DIRECTIONS FOR THIS TASK: Write out every line of the material as it stands, apart from the pictures.
BEGIN INPUT DATA
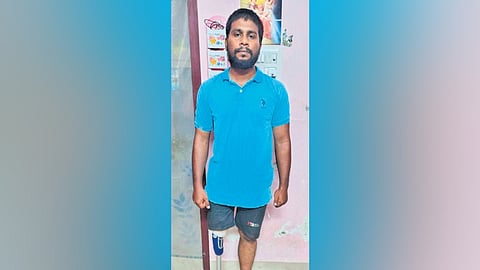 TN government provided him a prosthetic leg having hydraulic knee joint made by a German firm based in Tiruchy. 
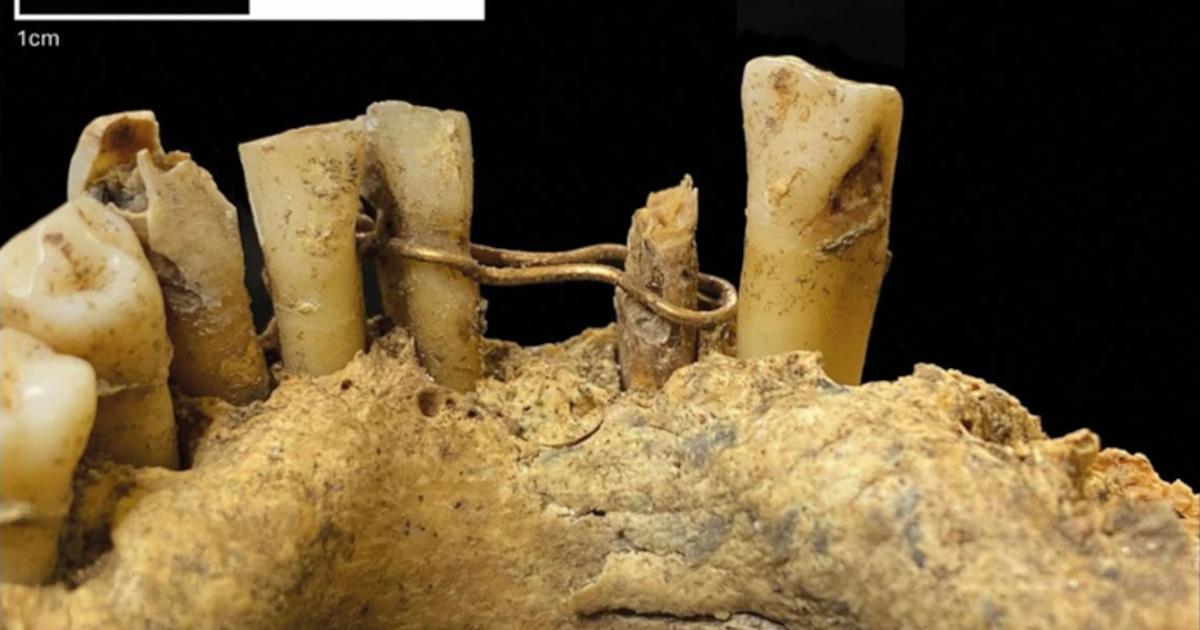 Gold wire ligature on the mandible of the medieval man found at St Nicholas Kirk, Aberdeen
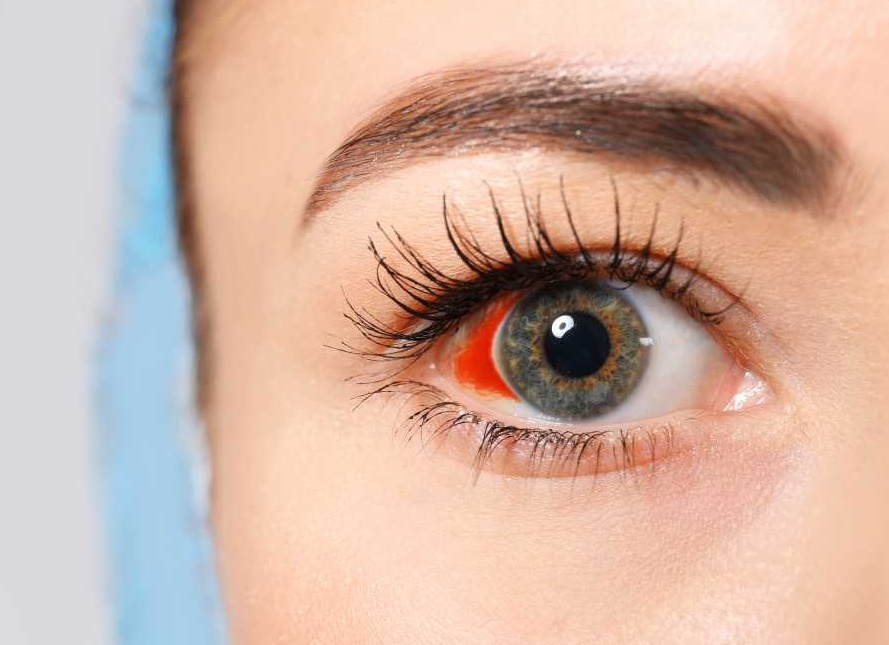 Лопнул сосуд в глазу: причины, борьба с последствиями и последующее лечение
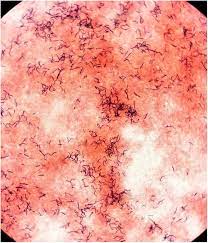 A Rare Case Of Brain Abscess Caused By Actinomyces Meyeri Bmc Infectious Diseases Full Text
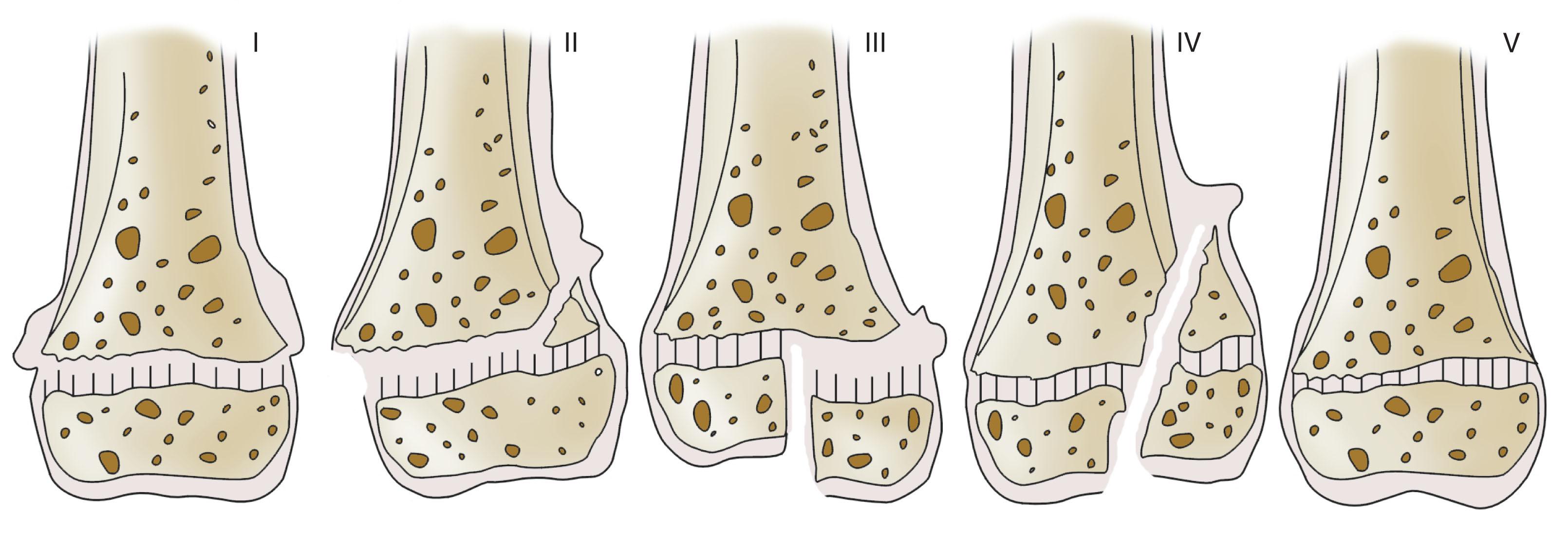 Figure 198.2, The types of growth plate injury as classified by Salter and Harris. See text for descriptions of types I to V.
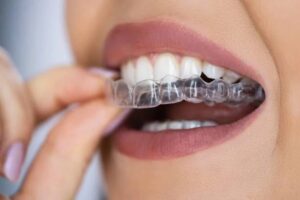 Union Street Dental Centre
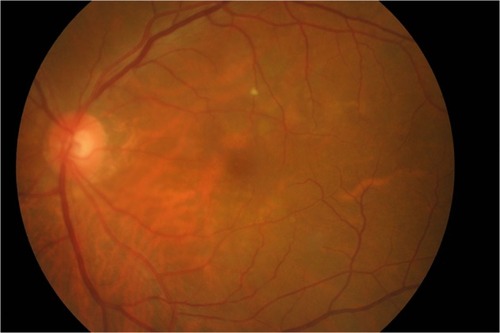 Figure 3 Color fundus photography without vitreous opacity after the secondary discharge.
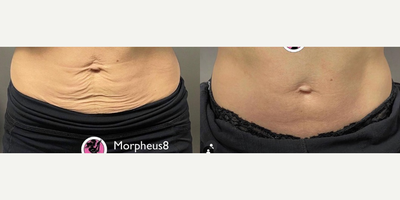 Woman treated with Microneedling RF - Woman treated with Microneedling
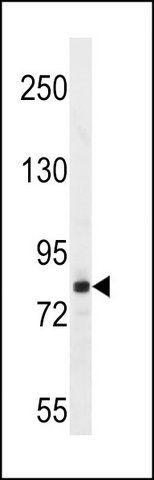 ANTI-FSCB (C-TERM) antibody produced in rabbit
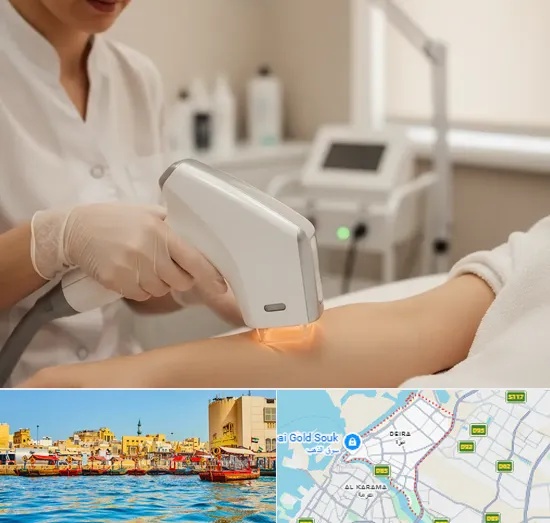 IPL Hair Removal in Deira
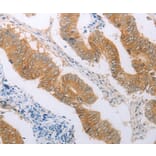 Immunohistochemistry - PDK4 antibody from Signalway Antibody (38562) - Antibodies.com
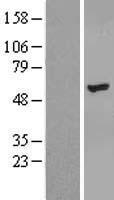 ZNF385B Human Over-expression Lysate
END INPUT DATA
RESPONSE BELOW:
 TN government provided him a prosthetic leg having hydraulic knee joint made by a German firm based in Tiruchy. 
 Gold wire ligature on the mandible of the medieval man found at St Nicholas Kirk, Aberdeen
 Лопнул сосуд в глазу: причины, борьба с последствиями и последующее лечение
 A Rare Case Of Brain Abscess Caused By Actinomyces Meyeri Bmc Infectious Diseases Full Text
 Figure 198.2, The types of growth plate injury as classified by Salter and Harris. See text for descriptions of types I to V.
 Union Street Dental Centre
 Figure 3 Color fundus photography without vitreous opacity after the secondary discharge.
 Woman treated with Microneedling RF - Woman treated with Microneedling
 ANTI-FSCB (C-TERM) antibody produced in rabbit
 IPL Hair Removal in Deira
 Immunohistochemistry - PDK4 antibody from Signalway Antibody (38562) - Antibodies.com
 ZNF385B Human Over-expression Lysate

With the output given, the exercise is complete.